Is cash burning a hole in your pocket as you try to find a good dividend stock in today's market? It's no easy task, with the S&P 500 index still up near record highs (despite recent volatility). But there's one worthy name that has rewarded investors through thick and thin. In fact, it's almost always a good time to add W.P. Carey (NYSE: WPC) to your portfolio. Here's why.

1. Dividend consistency

This won't surprise you, but 2020 was a very difficult year for landlords. However, W.P. Carey sailed right through the pandemic-related turbulence. The worst it got for the real estate investment trust (REIT) was when it collected 96% of the rents it was owed in May of last year. Today it's basically collecting all of its rents. Given this backdrop, it shouldn't be shocking to learn that the dividend was increased in every quarter of 2020 and again in each of the first three quarters of 2021.

A person with the word risk and a bag of money balanced in front of them on a simple balance with an umbrella over the whole.

Image source: Getty Images.

But that's just a small subset of a much longer streak. W.P. Carey has raised its dividend annually since its IPO in 1998. At this point the disbursement has been increased for 24 years and three quarters, putting it just a single quarter away from hitting 25 consecutive years. In other words, it is right on the cusp of becoming a Dividend Aristocrat -- all that's holding it back is one more dividend payment and the calendar switching to 2022.

The past 25 years or so include the dot-com implosion, the 2007 to 2009 financial crisis, and the 2020 pandemic. So W.P. Carey has clearly managed to deal with adversity while continuing to execute well. Today's dividend yield, meanwhile, is an impressive 5.6%, higher than most of its closest peers and well above the 2.3% yield of the average REIT, using Vanguard Real Estate Index ETF as a proxy. In other words, this REIT is a reliable high-yield stock.

2. Opportunistic and active

One of the key reasons for W.P. Carey's long-term success is that management is always looking for ways to grow.
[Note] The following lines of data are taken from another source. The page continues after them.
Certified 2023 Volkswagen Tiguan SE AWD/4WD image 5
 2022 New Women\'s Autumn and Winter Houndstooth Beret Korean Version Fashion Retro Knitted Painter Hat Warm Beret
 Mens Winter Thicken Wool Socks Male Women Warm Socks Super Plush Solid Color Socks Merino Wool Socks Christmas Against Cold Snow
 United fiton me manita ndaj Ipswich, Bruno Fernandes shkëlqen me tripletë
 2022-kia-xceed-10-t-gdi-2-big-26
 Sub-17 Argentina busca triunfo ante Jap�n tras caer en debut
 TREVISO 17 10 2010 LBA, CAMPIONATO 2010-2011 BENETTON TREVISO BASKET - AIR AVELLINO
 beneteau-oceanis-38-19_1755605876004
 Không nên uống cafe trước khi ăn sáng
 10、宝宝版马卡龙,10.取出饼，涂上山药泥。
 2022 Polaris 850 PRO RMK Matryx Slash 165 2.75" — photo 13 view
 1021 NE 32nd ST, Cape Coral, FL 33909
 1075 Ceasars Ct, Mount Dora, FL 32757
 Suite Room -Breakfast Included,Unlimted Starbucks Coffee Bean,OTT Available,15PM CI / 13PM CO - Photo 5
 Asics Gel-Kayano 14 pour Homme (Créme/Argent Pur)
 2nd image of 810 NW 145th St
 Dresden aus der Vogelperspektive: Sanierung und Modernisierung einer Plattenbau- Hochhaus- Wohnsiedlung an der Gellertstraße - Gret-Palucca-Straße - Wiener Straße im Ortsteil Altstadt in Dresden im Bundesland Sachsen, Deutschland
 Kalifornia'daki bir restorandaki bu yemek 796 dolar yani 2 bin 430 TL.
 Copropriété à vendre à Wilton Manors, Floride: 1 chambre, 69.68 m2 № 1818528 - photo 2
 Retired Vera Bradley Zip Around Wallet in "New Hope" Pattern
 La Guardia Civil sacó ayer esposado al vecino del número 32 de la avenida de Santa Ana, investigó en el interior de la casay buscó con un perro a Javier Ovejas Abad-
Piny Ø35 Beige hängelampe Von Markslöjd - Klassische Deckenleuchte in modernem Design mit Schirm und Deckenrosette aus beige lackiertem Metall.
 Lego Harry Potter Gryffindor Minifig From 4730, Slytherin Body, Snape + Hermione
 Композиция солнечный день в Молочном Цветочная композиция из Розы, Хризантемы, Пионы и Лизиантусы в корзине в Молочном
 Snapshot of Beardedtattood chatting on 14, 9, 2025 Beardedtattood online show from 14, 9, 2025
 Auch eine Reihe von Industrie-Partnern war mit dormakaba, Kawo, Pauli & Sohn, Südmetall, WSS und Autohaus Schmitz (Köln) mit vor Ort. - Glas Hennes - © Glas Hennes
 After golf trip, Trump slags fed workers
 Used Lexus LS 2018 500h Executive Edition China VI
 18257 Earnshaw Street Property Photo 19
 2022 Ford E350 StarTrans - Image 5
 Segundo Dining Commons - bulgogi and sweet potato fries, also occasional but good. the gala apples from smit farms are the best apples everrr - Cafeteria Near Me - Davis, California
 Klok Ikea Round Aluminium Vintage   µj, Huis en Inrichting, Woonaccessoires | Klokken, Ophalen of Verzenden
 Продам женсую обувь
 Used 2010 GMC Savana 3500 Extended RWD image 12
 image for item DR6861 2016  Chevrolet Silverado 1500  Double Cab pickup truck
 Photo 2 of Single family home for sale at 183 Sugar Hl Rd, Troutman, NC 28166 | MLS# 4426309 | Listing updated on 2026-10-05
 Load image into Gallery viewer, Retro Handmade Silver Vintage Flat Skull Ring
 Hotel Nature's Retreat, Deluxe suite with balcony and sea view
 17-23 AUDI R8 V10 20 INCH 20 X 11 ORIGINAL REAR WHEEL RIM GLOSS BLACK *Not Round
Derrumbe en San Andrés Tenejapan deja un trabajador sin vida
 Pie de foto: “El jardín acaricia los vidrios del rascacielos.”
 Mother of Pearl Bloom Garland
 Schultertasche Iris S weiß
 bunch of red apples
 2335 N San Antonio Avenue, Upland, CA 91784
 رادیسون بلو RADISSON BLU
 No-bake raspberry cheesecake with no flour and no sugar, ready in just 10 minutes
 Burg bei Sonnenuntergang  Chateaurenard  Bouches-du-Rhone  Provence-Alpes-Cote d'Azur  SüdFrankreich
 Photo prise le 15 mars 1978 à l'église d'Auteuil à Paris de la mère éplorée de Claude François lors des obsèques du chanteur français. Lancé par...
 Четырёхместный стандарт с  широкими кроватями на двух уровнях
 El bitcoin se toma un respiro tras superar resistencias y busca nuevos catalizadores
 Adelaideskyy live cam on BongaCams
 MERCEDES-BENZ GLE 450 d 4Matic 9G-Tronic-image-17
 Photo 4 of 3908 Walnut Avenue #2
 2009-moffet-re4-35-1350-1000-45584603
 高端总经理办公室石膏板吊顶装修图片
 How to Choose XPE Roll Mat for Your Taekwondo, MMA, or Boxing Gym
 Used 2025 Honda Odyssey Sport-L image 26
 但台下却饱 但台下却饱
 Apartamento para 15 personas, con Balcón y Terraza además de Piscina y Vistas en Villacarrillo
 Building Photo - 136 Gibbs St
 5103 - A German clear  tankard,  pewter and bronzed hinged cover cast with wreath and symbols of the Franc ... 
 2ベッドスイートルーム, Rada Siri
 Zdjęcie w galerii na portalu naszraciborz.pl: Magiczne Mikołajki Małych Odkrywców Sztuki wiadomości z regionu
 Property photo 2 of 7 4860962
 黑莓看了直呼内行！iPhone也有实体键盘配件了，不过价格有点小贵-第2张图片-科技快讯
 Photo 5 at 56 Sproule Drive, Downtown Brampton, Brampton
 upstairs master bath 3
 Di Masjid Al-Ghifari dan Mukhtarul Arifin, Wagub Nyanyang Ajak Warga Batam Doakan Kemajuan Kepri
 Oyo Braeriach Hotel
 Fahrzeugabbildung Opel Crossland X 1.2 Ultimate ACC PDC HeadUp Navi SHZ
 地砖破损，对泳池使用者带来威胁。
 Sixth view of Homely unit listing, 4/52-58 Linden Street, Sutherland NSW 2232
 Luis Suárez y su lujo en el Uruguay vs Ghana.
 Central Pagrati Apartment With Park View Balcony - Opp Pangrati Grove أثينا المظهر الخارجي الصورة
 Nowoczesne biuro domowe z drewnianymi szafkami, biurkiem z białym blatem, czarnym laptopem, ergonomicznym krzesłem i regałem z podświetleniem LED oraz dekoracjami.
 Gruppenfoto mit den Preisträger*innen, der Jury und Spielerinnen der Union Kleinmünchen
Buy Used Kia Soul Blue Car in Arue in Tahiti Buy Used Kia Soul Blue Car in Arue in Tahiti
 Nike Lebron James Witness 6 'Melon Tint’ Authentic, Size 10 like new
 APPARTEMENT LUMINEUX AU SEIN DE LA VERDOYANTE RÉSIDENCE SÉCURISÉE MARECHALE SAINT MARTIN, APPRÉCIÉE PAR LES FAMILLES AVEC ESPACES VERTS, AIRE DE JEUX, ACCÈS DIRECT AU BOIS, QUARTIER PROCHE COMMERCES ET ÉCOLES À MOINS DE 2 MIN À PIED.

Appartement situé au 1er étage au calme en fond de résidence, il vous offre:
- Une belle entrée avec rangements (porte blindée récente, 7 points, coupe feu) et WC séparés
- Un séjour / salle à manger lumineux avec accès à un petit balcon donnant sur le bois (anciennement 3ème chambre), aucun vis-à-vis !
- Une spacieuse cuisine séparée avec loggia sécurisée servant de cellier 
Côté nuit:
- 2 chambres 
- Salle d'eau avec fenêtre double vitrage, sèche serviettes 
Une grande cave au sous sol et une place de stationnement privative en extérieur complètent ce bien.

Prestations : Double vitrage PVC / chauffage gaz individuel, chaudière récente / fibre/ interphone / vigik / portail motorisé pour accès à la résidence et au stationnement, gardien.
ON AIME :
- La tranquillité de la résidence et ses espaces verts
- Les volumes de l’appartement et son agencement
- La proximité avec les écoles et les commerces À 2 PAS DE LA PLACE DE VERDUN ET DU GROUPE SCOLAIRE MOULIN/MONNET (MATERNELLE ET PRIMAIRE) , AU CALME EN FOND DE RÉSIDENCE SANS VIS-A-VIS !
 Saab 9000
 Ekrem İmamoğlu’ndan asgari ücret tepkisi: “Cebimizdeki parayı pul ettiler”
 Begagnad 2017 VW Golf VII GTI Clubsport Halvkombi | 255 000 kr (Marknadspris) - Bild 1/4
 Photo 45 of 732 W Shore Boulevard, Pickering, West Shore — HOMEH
The most recent example came in 2020 when, early on in the pandemic, it announced that it was looking for industrial and warehouse assets to buy.

The reasoning was simple: Companies were facing uncertainty and looking to raise cash to shore up their balance sheets. And warehouse and industrial properties were likely to be huge beneficiaries of the ongoing shift toward online shopping, a trend that the pandemic sped up. That's the kind of thing you want to see the companies you own doing.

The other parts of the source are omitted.